A veces nos falta motivación porque no cuidamos de nosotros mismos, nuestra falta de confianza quizá nos hace creer que no somos merecedores de auto-cuidado. La falta de auto-cuidado también aumenta síntomas de depresión y ansiedad, enemigos de la motivación. Por ello es importante cultivar buenos hábitos para así fomentar la motivación y un buen estado de ánimo.

Crea un plan de auto-cuidado que te ayude a cuidar tu mente y tu cuerpo:

  • Haz ejercicio físico.
  • Duerme lo suficiente.
  • Bebe agua y aliméntate de forma saludable.
  • Reserva tiempo para el ocio y las relaciones sociales.
  • Utiliza formas saludables de lidiar con el estrés.
  • Evita hábitos negativos como comer comida procesada, beber alcohol o fumar.

9. Recompénsate

Las recompensas siempre van a ayudar a motivarnos y a seguir adelante. Lo único que hay que tener en cuenta es evitar recompensas poco saludables, como los dulces, o el alcohol.

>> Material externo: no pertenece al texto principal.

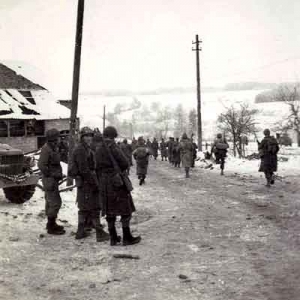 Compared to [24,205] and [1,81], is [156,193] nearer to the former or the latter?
[24,205]

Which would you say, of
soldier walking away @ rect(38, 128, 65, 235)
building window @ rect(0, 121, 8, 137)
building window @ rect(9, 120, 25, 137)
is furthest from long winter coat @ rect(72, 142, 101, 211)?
building window @ rect(9, 120, 25, 137)

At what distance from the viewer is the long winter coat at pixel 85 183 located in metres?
7.56

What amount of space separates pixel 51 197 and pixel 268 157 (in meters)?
8.24

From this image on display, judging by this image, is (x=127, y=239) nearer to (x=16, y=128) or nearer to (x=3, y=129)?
(x=3, y=129)

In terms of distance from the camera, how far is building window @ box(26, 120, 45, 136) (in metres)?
33.8

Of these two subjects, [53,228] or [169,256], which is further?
[53,228]

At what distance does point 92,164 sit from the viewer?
7.83 metres

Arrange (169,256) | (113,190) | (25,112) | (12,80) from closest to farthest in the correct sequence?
1. (169,256)
2. (113,190)
3. (25,112)
4. (12,80)

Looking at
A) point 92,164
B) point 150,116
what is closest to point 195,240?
point 92,164

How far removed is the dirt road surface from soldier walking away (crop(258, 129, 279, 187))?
3389 millimetres

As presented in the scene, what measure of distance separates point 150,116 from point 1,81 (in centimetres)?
11385

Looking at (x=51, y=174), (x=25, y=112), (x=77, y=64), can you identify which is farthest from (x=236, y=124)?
(x=51, y=174)

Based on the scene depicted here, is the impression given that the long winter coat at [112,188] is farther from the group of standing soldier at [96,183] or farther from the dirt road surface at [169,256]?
the dirt road surface at [169,256]

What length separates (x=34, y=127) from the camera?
34375mm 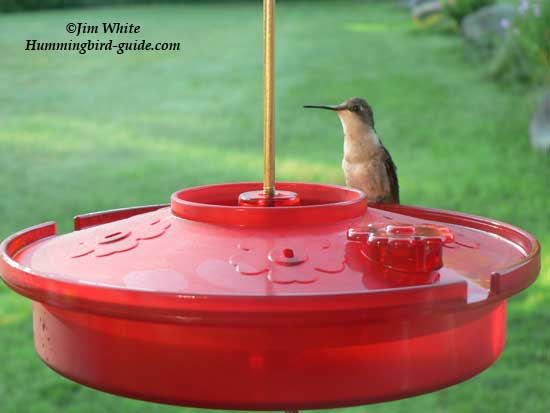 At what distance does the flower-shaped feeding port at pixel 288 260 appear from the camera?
0.98m

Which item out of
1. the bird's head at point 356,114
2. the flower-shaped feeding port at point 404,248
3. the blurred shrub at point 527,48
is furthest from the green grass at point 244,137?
the flower-shaped feeding port at point 404,248

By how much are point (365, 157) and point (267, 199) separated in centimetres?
124

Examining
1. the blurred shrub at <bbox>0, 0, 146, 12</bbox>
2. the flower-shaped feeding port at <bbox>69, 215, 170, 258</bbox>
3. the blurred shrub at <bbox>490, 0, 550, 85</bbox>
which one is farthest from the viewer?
the blurred shrub at <bbox>0, 0, 146, 12</bbox>

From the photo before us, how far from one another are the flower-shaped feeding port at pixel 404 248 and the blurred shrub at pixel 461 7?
10.3m

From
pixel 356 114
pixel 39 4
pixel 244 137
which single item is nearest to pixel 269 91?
pixel 356 114

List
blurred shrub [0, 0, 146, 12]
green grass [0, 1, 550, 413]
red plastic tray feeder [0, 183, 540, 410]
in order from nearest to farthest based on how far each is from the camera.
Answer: red plastic tray feeder [0, 183, 540, 410]
green grass [0, 1, 550, 413]
blurred shrub [0, 0, 146, 12]

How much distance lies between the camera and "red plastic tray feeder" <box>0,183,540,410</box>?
35.4 inches

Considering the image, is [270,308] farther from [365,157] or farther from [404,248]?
[365,157]

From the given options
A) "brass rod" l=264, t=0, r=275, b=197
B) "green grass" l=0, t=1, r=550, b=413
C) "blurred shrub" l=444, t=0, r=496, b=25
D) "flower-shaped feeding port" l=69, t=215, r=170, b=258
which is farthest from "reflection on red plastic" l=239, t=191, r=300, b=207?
"blurred shrub" l=444, t=0, r=496, b=25

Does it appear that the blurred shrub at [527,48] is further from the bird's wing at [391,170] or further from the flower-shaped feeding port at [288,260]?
the flower-shaped feeding port at [288,260]

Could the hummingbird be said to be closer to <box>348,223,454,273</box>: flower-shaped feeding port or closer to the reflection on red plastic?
the reflection on red plastic

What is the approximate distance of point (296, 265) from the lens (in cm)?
100

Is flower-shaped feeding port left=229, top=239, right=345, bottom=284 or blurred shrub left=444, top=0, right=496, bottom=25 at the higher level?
blurred shrub left=444, top=0, right=496, bottom=25

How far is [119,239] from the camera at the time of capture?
1139 mm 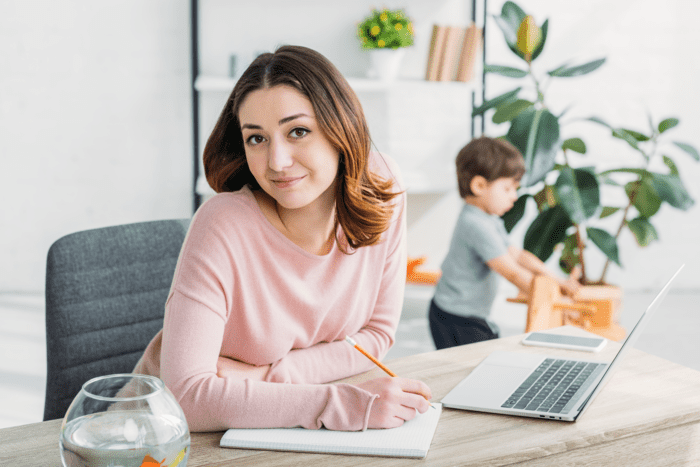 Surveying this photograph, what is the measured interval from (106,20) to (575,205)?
277cm

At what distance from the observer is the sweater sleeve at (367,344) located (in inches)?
46.4

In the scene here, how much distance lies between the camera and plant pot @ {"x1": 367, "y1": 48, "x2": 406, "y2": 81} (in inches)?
147

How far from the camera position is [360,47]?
3939mm

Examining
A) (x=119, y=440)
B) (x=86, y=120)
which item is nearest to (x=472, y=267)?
(x=119, y=440)

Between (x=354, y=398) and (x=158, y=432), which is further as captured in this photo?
(x=354, y=398)

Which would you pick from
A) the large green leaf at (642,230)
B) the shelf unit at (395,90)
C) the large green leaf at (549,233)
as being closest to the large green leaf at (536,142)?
the large green leaf at (549,233)

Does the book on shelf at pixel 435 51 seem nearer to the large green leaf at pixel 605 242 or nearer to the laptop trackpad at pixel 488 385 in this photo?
the large green leaf at pixel 605 242

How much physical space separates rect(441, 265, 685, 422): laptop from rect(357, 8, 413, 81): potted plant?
272cm

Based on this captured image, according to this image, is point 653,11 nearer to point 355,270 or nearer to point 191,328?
point 355,270

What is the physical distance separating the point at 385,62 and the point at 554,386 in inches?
114

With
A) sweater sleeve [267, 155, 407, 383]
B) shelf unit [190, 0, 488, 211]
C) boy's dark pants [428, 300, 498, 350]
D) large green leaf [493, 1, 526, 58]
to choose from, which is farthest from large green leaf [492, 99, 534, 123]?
sweater sleeve [267, 155, 407, 383]

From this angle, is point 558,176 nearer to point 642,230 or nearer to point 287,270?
point 642,230

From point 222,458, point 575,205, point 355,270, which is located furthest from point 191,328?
point 575,205

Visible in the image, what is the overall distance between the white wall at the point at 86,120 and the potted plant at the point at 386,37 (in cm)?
105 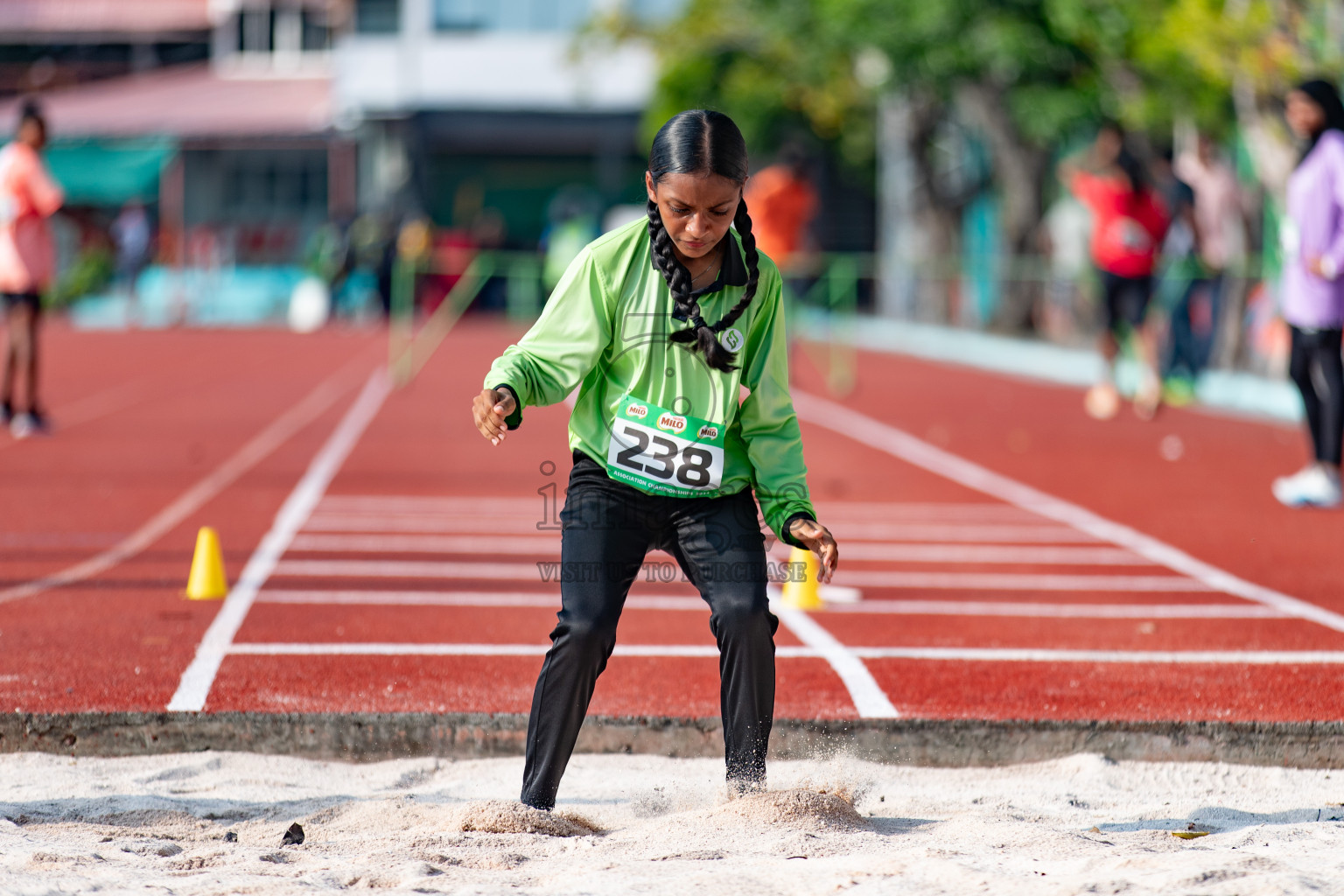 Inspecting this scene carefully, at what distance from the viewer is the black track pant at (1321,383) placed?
31.3ft

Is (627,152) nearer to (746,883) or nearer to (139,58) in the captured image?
(139,58)

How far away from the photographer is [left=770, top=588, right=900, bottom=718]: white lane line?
18.1 ft

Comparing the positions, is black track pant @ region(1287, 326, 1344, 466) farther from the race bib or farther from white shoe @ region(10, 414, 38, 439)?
white shoe @ region(10, 414, 38, 439)

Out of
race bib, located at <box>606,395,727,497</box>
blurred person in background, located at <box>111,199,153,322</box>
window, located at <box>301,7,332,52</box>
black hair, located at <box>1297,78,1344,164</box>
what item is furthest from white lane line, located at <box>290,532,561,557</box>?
window, located at <box>301,7,332,52</box>

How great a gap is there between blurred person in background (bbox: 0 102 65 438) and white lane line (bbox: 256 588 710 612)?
612 cm

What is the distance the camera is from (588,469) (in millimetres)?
4156

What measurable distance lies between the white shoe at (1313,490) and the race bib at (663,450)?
6939 mm

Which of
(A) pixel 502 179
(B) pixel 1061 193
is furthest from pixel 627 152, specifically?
(B) pixel 1061 193

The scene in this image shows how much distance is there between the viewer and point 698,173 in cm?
385

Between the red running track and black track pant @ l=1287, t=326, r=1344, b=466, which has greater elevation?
black track pant @ l=1287, t=326, r=1344, b=466

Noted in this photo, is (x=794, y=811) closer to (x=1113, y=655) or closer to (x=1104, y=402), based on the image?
(x=1113, y=655)

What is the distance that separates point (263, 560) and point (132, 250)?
2930 centimetres

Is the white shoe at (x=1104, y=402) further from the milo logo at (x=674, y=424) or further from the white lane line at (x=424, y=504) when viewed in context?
the milo logo at (x=674, y=424)

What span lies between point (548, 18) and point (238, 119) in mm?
7753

Programa descansos en tu tarea o crea recompensas para el final como hacer una actividad placentera, como jugar con la mascota o usar las redes sociales, ver tu serie favorita, actividades de ocio…

10. Busca ayuda

Si tu motivación sigue sin subir, es necesario que acudas a un profesional. La terapia psicológica puede ayudarte. Un médico puede determinar si hay algún problema orgánico subyacente a tu falta de motivación, o quizá considerar que la asistencia psicológica es la mejor opción.

No temas pedir ayuda, toma el control de tu vida.